Supplied material:

◆ ◆ ◆ ◆

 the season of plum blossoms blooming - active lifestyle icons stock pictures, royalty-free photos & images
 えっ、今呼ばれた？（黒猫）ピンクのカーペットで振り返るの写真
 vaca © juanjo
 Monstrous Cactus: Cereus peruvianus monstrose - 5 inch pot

◆ ◆ ◆ ◆

Reproduce all of the material above without alteration.

Written reply:
 the season of plum blossoms blooming - active lifestyle icons stock pictures, royalty-free photos & images
 えっ、今呼ばれた？（黒猫）ピンクのカーペットで振り返るの写真
 vaca © juanjo
 Monstrous Cactus: Cereus peruvianus monstrose - 5 inch pot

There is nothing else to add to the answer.